Sent: 18 November 2008

The Academic Freedom Committee would like to express its profound concern that the University of
KwaZulu-Natal is proceeding with disciplinary action against Professors Nithaya Chetty and John van den
Berg in their Science and Agriculture faculty. As those who have followed press reports will be aware, the
disciplinary action is based on Professors Chetty and Van den Berg speaking out against Vice-Chancellor
Makgoba's omission of a document on academic freedom from Senate as well as their articulation to the
media criticisms of the institution. Alan Rycroft, the law professor representing Chetty and Van den Berg,
summarises the three charges being levelled against the two academics in Science and Agriculture as
follows: "(a) failing to take due care in communicating with the media; (b) breaching the confidentiality of
Senate; and (c) dishonesty and/or gross negligence in alleging that the Vice Chancellor had no right to
omit the Faculty of Science and Agriculture document on academic freedom from the Senate agenda."

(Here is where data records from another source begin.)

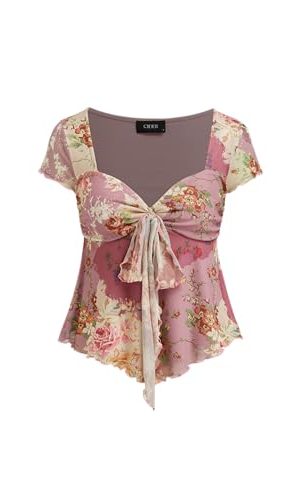 Floral Tops for Women V Neck Short Sleeve Tie Front Summer Tops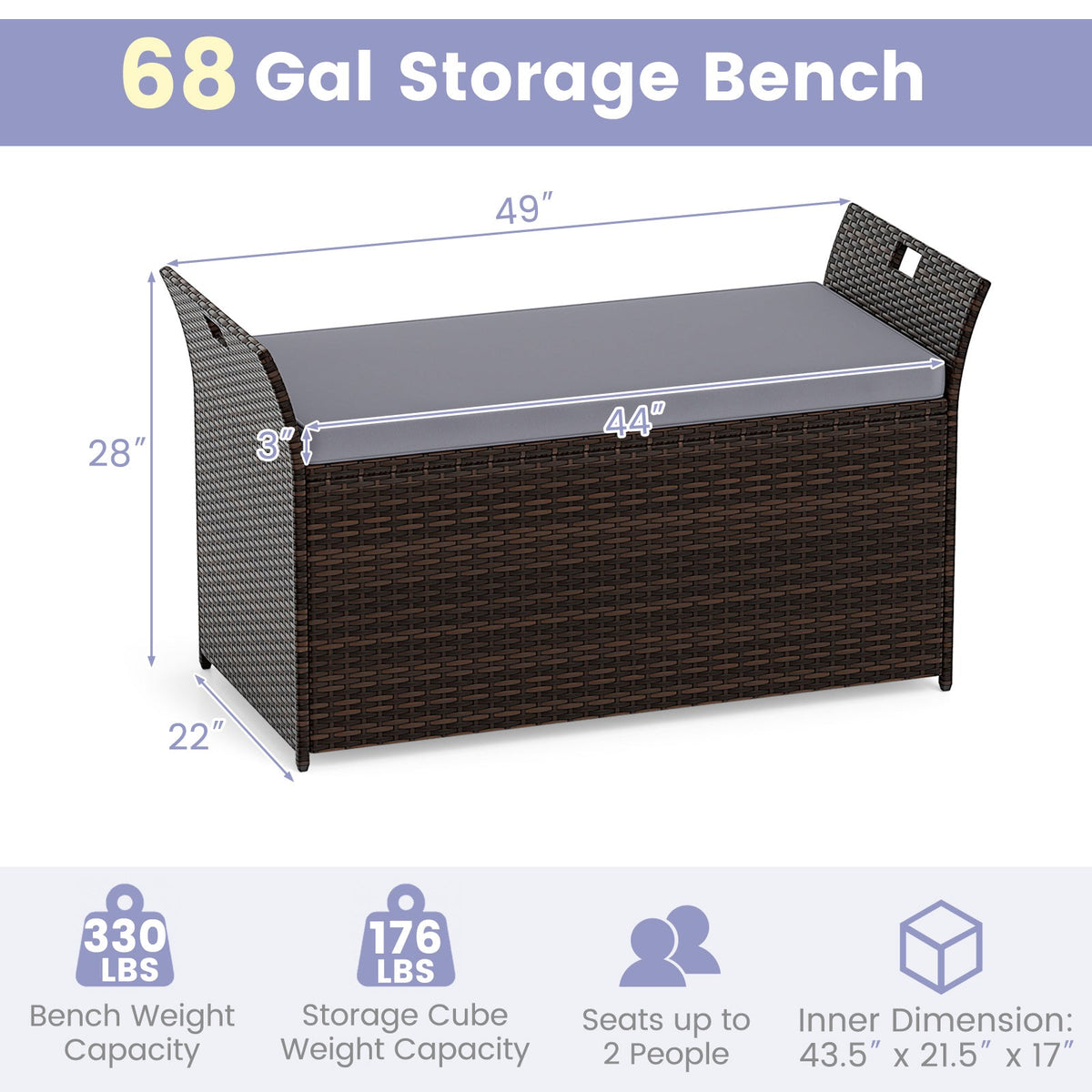 Outdoor Bench with Hand-woven PE Rattan Wicker - Gray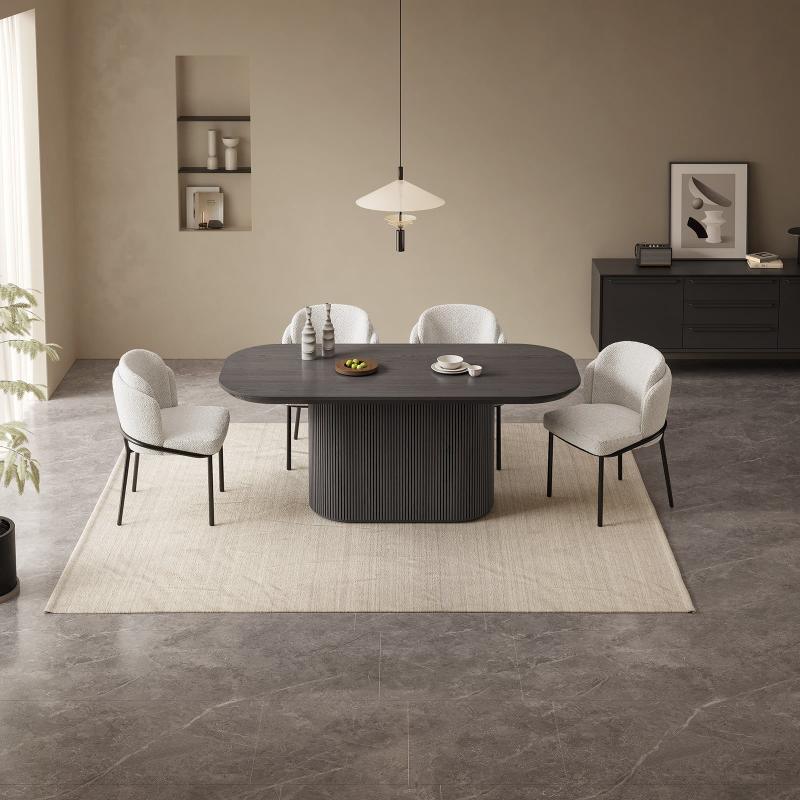 Guyii 63"-86" Black Oval Dining Table, Modern Kitchen Table for Dining Room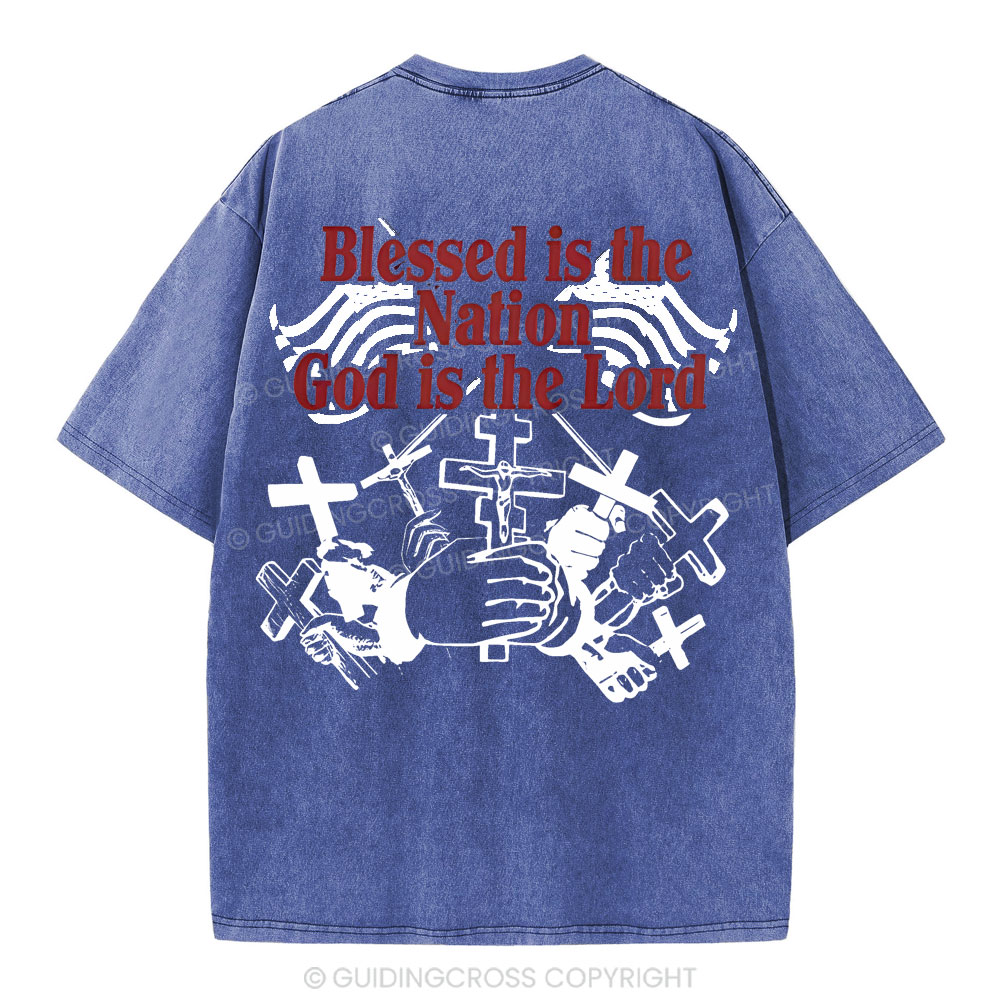 Blessed Is The Nation Christian Washed T-Shirt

The Academic Freedom Committee at Rhodes University would want to reiterate sentiments expressed in
a press release by the Freedom of Expression Institute on 7 November. "Academics", the press release
notes, "should be encouraged to play a public intellectual role, not punished for it". Referring to a recent
report on institutional autonomy and academic freedom, the Freedom of Expression Institute also notes:

"The authors of the report argue that if academic freedom is to be realised, higher education institutions
must 'protect the freedom of expression of academics...from undue sanction by their own institution'.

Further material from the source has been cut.